#### DATA FOR THIS TASK
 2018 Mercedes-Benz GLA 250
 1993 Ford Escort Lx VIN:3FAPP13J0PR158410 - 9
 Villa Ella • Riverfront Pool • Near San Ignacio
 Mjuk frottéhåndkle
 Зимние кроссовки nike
########
TASK DIRECTIONS: Only those lines running from the one containing "1993 Ford Escort" through the last line of the data above are to be copied, exactly, with both ends included.

EXERCISE ANSWER:
 1993 Ford Escort Lx VIN:3FAPP13J0PR158410 - 9
 Villa Ella • Riverfront Pool • Near San Ignacio
 Mjuk frottéhåndkle
 Зимние кроссовки nike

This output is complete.